In particular, I was worried that when evaluating /a/b/c/d/e/f, the call for the next item in the result has to go through six levels of iterator before asking for the next f, and each level has its own context objects. In the current Saxon implementation, "/" is treated as a binary operator, which means that just as a+b+c+d+e+f is treated as five separate binary additions, /a/b/c/d/e/f is treated as six binary path expressions.
So I spent this morning implementing an alternative design in which there's a single PathIterator that takes a holistic view of the whole path: when you ask for the next() item in the result, the first thing it does is to see whether there's another "f" in the iteration of the last step. That should be fast; only if there isn't another "f" does it consider moving on to the next "e", and so on in backtracking mode.
In theory, this ought to give lots of opportunities for savings. The normal case, where there is another element available in the innermost loop, is a fast path; and the context objects can be reused because we know they're only used in this path expression.
So I spent a couple of hours getting this working, and then took some measurements.

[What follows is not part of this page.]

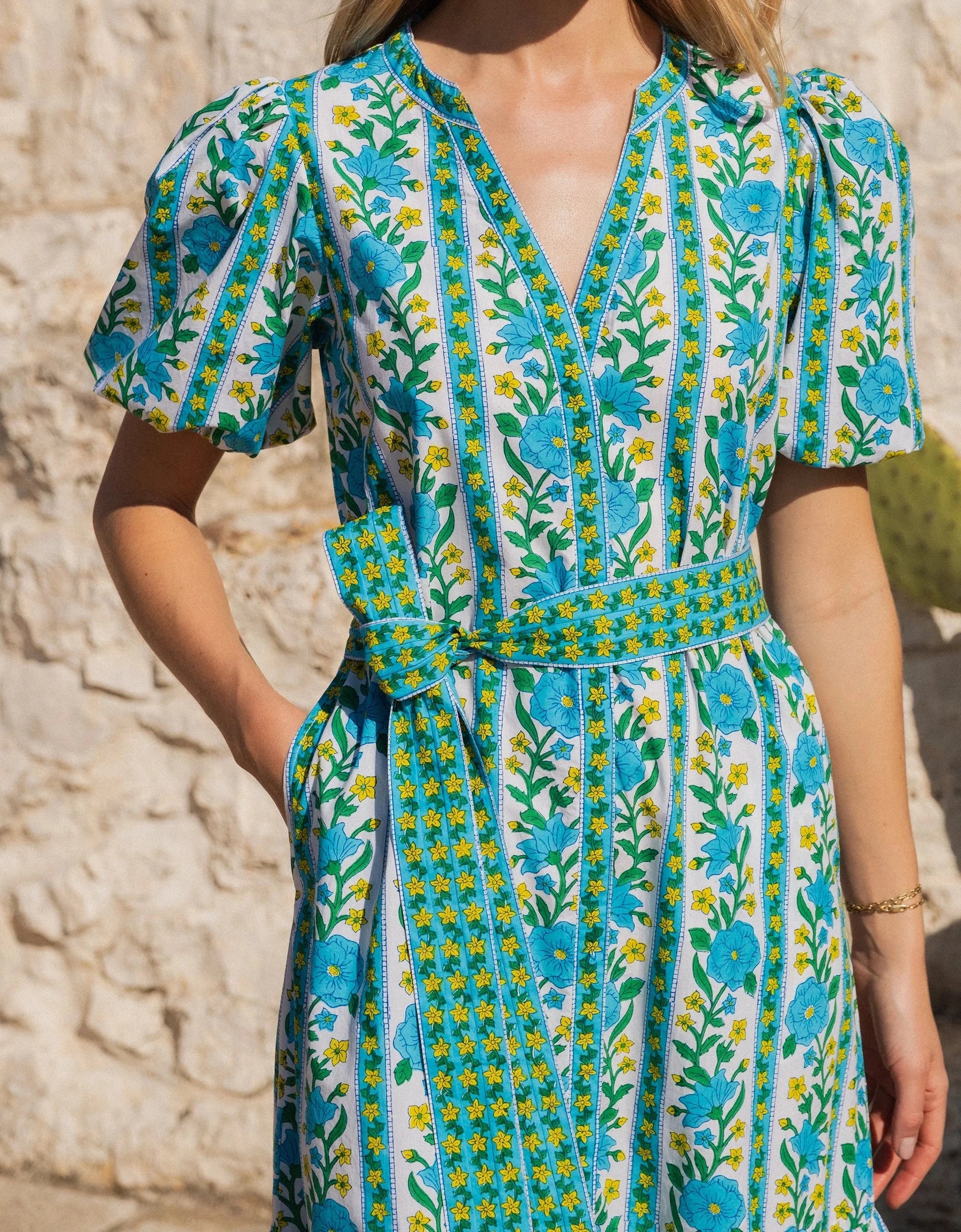 Daisy Dress in Hibiscus Border Large / Blue Daisy Dress in Hibiscus Border Large / Blue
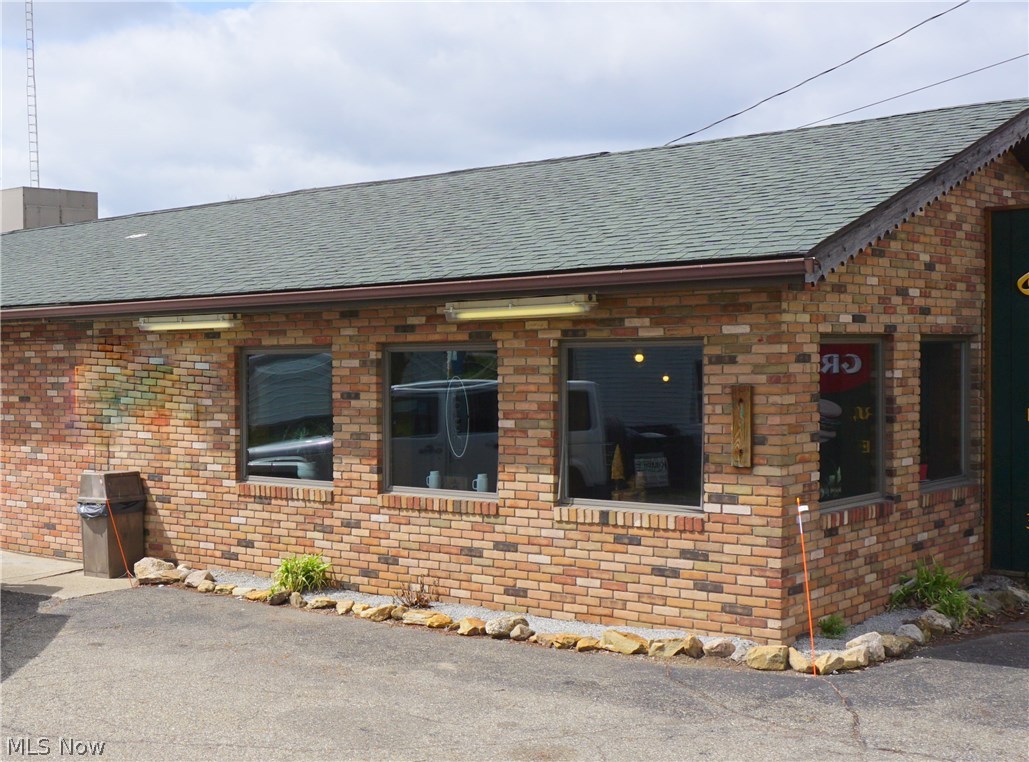 Wilmot - Commercial Sale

For the expression count(/*/*/*/*/*) applied to the 11Mb XMark dataset (selecting 74627 nodes), the run-time was consistently between 61 and 61.2 msecs, averaged over several hundred runs. For the existing code, the run-time was also consistently between the same limits.
I've spent another couple of hours trying to see whether I missed anything, and I think the answer is no. The only conclusion is that path expressions were indeed pretty well tuned already. To be honest, 61ms for finding 75000 nodes in a 500000 node XML file, using serial searching alone, is not bad. Parsing the source XML and building the tree takes nearly 2 seconds, by way of comparison. And most of the evaluation time is in actually iterating over the various axes, not in organising the different steps of the path.
The existing code was actually doing much better than I thought in terms of the number of context objects and mapping iterators created. For the vast majority of cases "/" is associative, so (a/b)/c means the same as a/(b/c). Saxon typically uses the first of these forms: so it gets an iterator over (a/b), creates a new context with this iterator as the current node list, and then applies (child::c) to every node selected. The result is that for a six-step path expression there are only six mapping iterators and six context objects created, not the thousands I had feared. Moreover, the calls on next() aren't delegating through six levels of mapping iterator as I thought: the path iterator maps child::f as the step to /a/b/c/d/e as the base iterator, so when there is another f available, it's actually only one level deep.
When discussing performance I always recommend the methodology: (a) make changes; (b) measure the effect; (c) understand the effect, (d) if the changes achieved nothing, undo them. Step (d) can be the hardest psychologically, but I shall stick to my own advice. It's not as if the exercise achieved nothing: there's always new knowledge that comes out of this kind of study, and I hope that you don't mind me sharing it!
Postcript: Another thought. The expression /*/*/*/*/* is equivalent to "all level 5 element nodes in the tree". I could scan the TinyTree from start to finish, looking for rows with kind=2 and level=5. That should be pretty fast. It's not worth optimizing such a crazy expression of course, but the same idea would apply to any fixed-depth expression such as /a/b/c/d/e. Only two problems: (a) if the early steps in the path, such as /a/b, narrow the search then the tree scan would take longer (and how would I know which to choose?), and (b) I don't want start optimizing the query execution plan for a particular tree implementation model, as I don't know the tree model until run-time.